Most recently, his two codefendants in state court, Fotios A. "Freddy" Geas, 42, and Brandon D. Croteau, 30, appeared Dec. 18 in shackles for a pretrial conference on murder conspiracy charges. Roche was not present.
Assistant District Attorney Carmen W. Picknally said Roche is still charged in both state and federal courts, but declined further comment.
On a prison search Web site, Roche is said to be in custody at the Souza-Baranowski maximum security state prison in Shirley. However, others say he has been behind bars at the Hampshire
County jail and more recently at the Franklin County jail. But, Franklin County Sheriff Fredrick B. McDonald this week said Roche was no longer at that site.
He did his thing ... but now he's gone," McDonald said in response to an inquiry.
Similarly, in Roche's federal case, there has not been a single filing since May, when a transcript of the defendant's guilty plea a month earlier was posted. He has not been scheduled for sentencing, nor has a trial date been set in the state case, which is still pending against him.
Roche waited for Bruno outside an Italian-American social club in the city's South End on Nov. 23, 2003, according to Assistant U.S. Attorney Todd E. Newhouse.
After about a half-hour wait in a dark parking lot, Roche heard Bruno's voice and called out "Hey, Al!," according to the prosecutor. Bruno, the regional head of the New York-based Genovese crime family, responded: "Hey, buddy."
Roche shot Bruno six times and took off on foot, Newhouse said. He later told investigators it was a contract hit. The gunman said he was paid $10,000 by rival gangsters wrestling for power.
Investigators say Geas, previously identified as "the muscle" for Bruno's eventual successor, Anthony J. Arillotta, paid Roche; and Croteau, something of a hapless fringe character, helped Roche get out of town.
Geas was indicted in federal court after Roche pleaded guilty; he is held without bail. Croteau is serving a 15-year prison sentence on unrelated drug trafficking charges.
After Bruno was killed, investigators quickly got a line on Roche, but tracked him for months before he was apprehended by FBI agents while hiding out in Florida the following August.
The arrest was no less eventful than what preceded it: Roche was accidentally shot by agents during the raid.
He sued the FBI in connection with the shooting last year. The civil suit in U.S. District Court in central Florida seems to be the only thing visibly progressing through the court system.
Mark A. Sylvester, a Miami lawyer representing Roche in the civil suit, said he is embroiled in negotiations with the federal government and may not settle out of court. A trial date has been set for Aug. 31 in central Florida.

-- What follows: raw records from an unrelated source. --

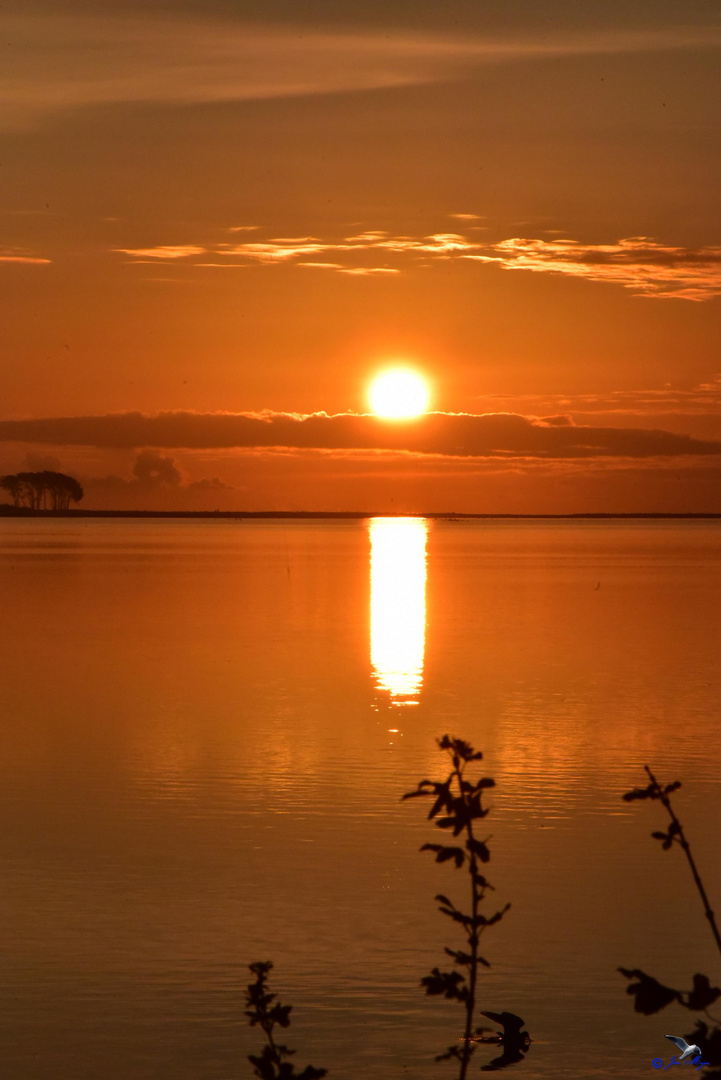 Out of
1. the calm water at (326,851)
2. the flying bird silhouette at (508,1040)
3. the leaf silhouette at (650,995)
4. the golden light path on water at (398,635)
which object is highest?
the golden light path on water at (398,635)

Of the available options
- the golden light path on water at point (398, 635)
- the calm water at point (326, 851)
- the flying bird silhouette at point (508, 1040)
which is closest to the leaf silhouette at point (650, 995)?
the calm water at point (326, 851)

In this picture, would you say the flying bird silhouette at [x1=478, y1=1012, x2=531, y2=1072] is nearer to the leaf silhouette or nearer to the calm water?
the calm water

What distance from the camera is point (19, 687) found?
24.1 metres

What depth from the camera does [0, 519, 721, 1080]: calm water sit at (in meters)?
8.62

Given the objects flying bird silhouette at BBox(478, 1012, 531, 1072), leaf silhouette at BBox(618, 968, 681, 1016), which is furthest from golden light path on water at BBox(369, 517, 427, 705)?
leaf silhouette at BBox(618, 968, 681, 1016)

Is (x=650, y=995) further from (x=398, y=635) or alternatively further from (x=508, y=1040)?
(x=398, y=635)

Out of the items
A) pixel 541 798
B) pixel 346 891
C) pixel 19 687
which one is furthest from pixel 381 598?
pixel 346 891

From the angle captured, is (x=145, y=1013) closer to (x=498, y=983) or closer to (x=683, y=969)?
(x=498, y=983)

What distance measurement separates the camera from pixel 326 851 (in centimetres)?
1255

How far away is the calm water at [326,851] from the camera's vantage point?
8.62 meters

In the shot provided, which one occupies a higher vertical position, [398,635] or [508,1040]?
[398,635]

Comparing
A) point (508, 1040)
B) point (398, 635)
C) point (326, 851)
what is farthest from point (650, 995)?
point (398, 635)

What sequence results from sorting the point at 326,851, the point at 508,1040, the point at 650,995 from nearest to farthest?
the point at 650,995 < the point at 508,1040 < the point at 326,851

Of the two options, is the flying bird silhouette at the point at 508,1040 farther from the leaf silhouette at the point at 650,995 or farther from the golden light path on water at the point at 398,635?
the golden light path on water at the point at 398,635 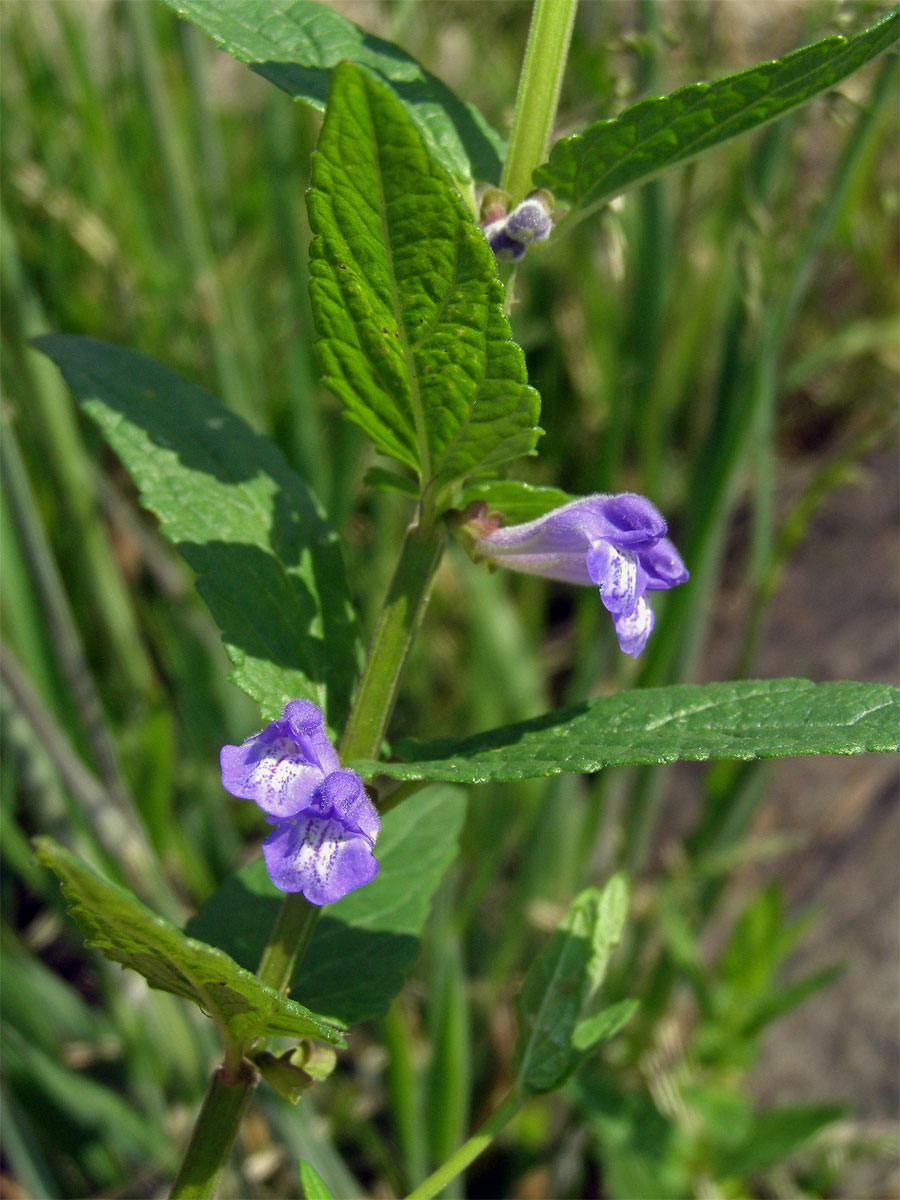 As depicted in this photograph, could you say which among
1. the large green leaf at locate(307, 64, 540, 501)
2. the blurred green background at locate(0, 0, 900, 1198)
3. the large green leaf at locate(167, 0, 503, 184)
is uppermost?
the large green leaf at locate(167, 0, 503, 184)

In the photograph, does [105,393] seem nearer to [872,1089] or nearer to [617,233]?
[617,233]

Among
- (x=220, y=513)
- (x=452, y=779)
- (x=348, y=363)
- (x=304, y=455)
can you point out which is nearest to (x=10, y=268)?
(x=304, y=455)

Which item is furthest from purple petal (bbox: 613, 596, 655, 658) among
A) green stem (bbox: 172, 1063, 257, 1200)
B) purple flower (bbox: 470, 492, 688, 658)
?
green stem (bbox: 172, 1063, 257, 1200)

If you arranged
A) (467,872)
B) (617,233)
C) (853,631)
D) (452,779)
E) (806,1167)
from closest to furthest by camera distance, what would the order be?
(452,779)
(617,233)
(806,1167)
(467,872)
(853,631)

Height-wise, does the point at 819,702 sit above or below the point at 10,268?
below

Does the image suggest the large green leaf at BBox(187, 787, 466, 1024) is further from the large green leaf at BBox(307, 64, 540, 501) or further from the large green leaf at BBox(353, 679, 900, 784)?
the large green leaf at BBox(307, 64, 540, 501)

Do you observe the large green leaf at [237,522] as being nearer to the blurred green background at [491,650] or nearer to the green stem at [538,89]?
the green stem at [538,89]

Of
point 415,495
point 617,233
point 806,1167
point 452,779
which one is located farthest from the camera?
point 806,1167

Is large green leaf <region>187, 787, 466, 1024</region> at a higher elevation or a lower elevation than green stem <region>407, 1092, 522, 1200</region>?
higher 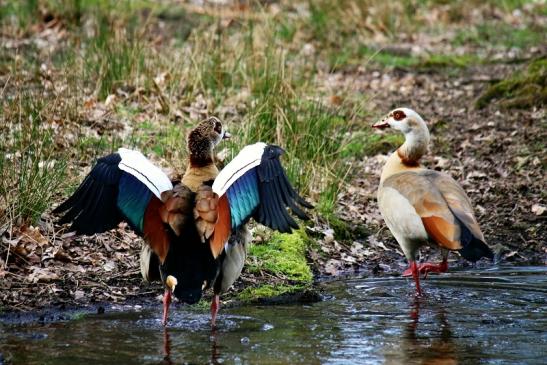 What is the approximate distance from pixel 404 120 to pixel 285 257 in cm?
155

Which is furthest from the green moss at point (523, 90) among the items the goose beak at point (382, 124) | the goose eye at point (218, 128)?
the goose eye at point (218, 128)

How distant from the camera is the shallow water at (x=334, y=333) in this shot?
5.56 meters

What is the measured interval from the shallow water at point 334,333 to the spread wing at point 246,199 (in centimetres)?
67

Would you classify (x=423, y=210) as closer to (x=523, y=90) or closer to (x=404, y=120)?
(x=404, y=120)

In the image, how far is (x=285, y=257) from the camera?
8008 millimetres

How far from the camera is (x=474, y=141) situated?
37.0 feet

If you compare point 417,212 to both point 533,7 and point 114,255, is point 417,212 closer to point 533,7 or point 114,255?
point 114,255

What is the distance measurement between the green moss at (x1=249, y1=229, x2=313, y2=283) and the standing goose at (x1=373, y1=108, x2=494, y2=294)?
0.84 meters

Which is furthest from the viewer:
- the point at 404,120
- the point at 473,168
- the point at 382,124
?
the point at 473,168

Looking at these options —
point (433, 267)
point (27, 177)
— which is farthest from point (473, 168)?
point (27, 177)

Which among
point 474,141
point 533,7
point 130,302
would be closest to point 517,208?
point 474,141

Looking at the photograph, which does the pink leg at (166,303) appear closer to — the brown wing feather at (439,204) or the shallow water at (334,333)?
the shallow water at (334,333)

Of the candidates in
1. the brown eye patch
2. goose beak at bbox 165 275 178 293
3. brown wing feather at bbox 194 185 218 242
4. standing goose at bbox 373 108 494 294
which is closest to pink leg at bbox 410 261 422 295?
standing goose at bbox 373 108 494 294

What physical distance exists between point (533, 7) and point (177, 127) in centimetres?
1133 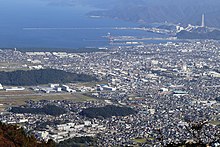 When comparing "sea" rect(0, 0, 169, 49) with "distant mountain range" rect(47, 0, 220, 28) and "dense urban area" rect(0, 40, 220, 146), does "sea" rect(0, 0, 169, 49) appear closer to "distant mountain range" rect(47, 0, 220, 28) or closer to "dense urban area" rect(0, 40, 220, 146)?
"distant mountain range" rect(47, 0, 220, 28)

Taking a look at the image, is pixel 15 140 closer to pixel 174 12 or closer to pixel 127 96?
pixel 127 96

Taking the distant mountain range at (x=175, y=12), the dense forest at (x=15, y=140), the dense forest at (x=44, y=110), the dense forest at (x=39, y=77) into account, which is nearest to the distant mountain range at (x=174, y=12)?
the distant mountain range at (x=175, y=12)

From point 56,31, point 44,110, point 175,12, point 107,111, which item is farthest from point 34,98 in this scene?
point 175,12

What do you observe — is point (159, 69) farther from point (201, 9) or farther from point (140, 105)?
point (201, 9)

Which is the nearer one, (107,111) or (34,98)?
(107,111)

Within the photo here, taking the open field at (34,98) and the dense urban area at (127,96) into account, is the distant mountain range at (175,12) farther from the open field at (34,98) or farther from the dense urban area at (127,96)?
the open field at (34,98) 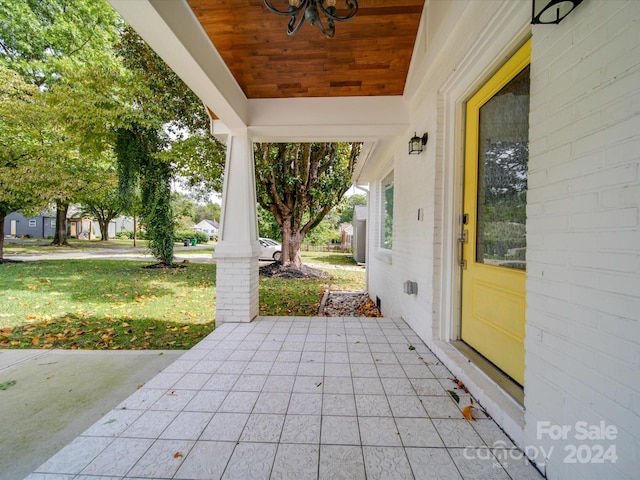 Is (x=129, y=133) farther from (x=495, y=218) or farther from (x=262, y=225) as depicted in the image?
(x=495, y=218)

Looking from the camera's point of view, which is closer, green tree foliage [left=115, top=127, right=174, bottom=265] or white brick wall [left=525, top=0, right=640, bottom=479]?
white brick wall [left=525, top=0, right=640, bottom=479]

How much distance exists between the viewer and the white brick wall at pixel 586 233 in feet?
3.18

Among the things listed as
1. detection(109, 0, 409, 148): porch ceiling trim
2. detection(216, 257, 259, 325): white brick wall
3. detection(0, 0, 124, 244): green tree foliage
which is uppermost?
detection(0, 0, 124, 244): green tree foliage

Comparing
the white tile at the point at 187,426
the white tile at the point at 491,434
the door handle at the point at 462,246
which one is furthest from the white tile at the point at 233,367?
the door handle at the point at 462,246

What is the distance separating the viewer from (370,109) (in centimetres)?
367

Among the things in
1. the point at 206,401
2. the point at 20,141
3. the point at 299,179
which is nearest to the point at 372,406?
the point at 206,401

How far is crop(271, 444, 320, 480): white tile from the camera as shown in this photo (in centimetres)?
134

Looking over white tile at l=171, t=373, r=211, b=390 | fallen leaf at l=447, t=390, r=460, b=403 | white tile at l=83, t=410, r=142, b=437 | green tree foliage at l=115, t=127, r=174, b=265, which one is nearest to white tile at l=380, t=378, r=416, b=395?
fallen leaf at l=447, t=390, r=460, b=403

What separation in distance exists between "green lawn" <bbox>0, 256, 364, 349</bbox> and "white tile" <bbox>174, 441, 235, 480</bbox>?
247cm

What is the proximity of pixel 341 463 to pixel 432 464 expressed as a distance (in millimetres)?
450

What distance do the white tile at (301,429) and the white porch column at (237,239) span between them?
2.11 meters

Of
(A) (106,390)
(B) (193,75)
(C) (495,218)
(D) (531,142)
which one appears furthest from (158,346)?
(D) (531,142)

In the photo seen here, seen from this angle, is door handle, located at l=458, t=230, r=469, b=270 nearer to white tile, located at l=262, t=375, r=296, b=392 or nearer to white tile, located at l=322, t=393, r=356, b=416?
white tile, located at l=322, t=393, r=356, b=416

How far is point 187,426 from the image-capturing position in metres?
1.67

"I believe that the evidence in this case will show that a series of errors were committed by FBI personnel during the arrest," Sylvester said in an e-mail on Friday. "Those errors culminated with the accidental and wrongful discharge of an M4 carbine rifle into the back of Frankie Roche as he lay face down on the ground surrounded by multiple armed agents."
Roche could use a substantial award in that case, as he also faces a $1 million fine under his plea agreement with federal prosecutors.
In exchange for testimony against others in the Bruno case and other investigations, prosecutors declined to pursue capital punishment and may argue for a substantial reduction in an otherwise mandatory life sentence he faces as a result of his guilty plea in federal court here.
Geas may face the death penalty if he's convicted in the federal court case. Croteau has not been charged there.